(Brief descriptive captions)
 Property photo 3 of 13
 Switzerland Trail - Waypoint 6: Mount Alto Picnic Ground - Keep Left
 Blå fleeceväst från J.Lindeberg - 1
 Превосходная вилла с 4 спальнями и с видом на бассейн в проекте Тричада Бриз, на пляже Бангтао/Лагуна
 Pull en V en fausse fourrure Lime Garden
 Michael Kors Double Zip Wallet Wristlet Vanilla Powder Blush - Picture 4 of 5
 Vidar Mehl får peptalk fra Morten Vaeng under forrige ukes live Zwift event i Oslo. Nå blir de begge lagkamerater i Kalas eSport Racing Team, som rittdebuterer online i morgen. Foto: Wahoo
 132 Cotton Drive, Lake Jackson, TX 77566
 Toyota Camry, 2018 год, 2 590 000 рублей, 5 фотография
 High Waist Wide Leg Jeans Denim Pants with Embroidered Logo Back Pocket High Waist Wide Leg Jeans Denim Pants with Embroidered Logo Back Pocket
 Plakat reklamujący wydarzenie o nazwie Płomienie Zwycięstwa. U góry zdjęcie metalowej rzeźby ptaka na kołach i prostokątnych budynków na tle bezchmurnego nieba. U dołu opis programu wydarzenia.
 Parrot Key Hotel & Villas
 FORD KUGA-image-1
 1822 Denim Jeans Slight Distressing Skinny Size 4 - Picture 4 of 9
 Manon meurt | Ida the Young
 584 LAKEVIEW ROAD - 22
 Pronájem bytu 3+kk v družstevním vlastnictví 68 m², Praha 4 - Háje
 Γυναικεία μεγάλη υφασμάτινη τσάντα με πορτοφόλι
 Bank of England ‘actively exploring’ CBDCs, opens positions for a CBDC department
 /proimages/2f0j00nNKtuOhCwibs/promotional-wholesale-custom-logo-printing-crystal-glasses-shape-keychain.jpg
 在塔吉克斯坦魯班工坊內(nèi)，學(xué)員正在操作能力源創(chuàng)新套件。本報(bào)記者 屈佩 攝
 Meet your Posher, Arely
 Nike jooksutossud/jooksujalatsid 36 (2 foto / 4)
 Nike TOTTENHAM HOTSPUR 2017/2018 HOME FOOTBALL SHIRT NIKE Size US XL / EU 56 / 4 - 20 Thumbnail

_What you will do_:
Report each line above containing the string "Size".

_Solution to this problem_:
 1822 Denim Jeans Slight Distressing Skinny Size 4 - Picture 4 of 9
 Nike TOTTENHAM HOTSPUR 2017/2018 HOME FOOTBALL SHIRT NIKE Size US XL / EU 56 / 4 - 20 Thumbnail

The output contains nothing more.